When reading the above explanation, the reader should primarily focus his mind on the fact that in Islam, the concept of "filthy" (najis; cf. Koran 9:28 -- "Truly, the Mushrikoon are filthy...") is central to its obsessive-compulsive disorder by which it cordons off all things un-Islamic from Islam and from Muslims, not only conceptually, but also psychologically and physically.
Islam seems to be the only seemingly sophisticated religious culture ("world religion") that massively retains, and assiduously and with dogmatic fanaticism cultivates, a consistent projection of defilement away from the self, onto the Other -- with this projection, in addition, further buttressed and animated and galvanized by a fanatically dogmatic context of violent and/or military hostility.

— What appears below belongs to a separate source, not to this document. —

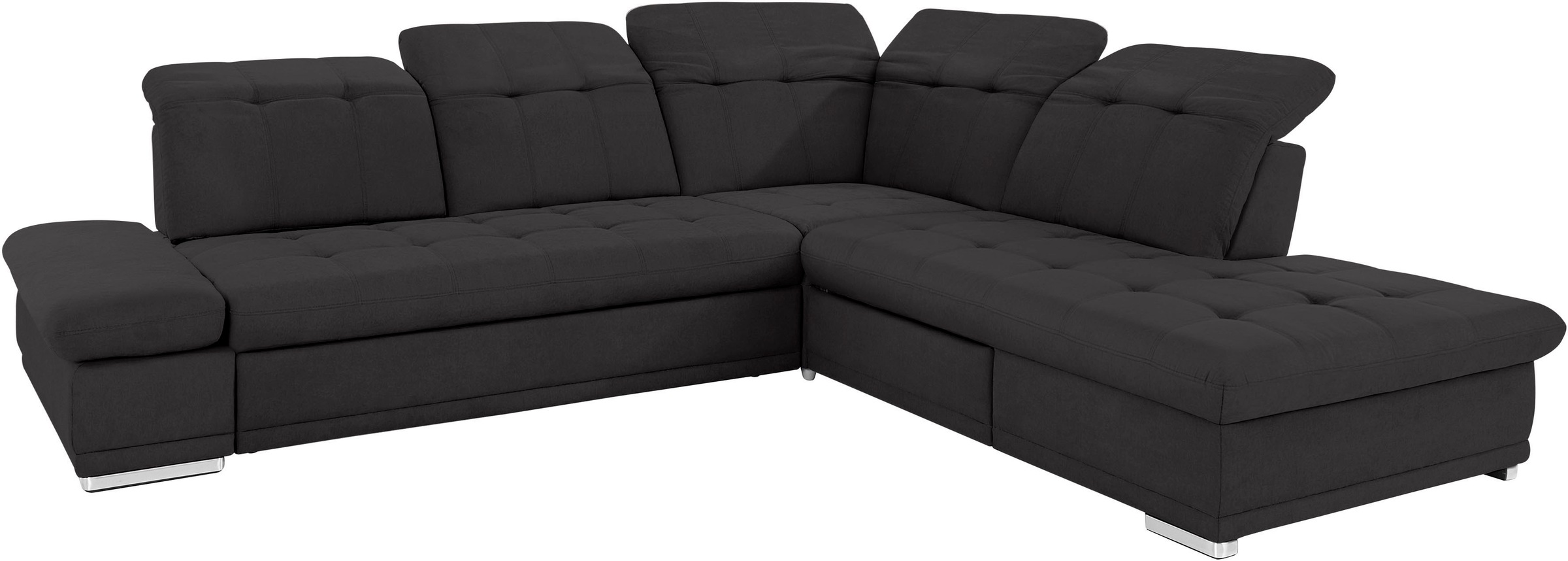 COTTA Ecksofa »Holiday L-Form mit Sitztiefen-, Armteil- und Kopfteilverstellung« wahlweise mit Bettfunktion & Bettkasten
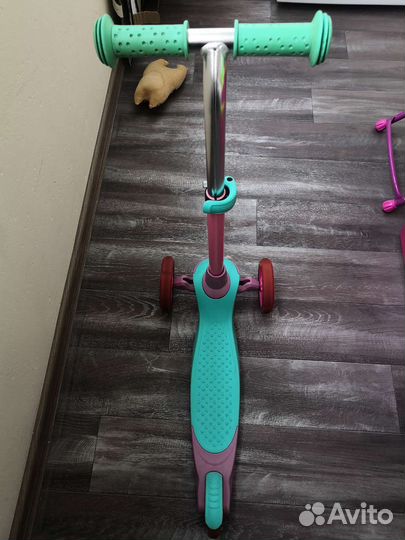 Самокат детский трехколесный складной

Another way to put this is that Islam is the only Universalist creed that has remained massively Tribalistic: its Universalism is really a Super-Tribalism with only a pretense at best to Universalism, not an authentically universalist embrace of the Other. An oxymoron, to be sure, conceptually; but in practice, it works as a global enterprise of hateful and hostile voracity, only sometimes smoothed over by a measure of sophistication in terms of a cultivation of clever deceitfulness whenever Muslims perceive themselves to be too weak, vis-à-vis the "filthy" Other, to act out openly their supremacist expansionism that is both the raison d'être and the logical conclusion of their hateful and hostile voracity.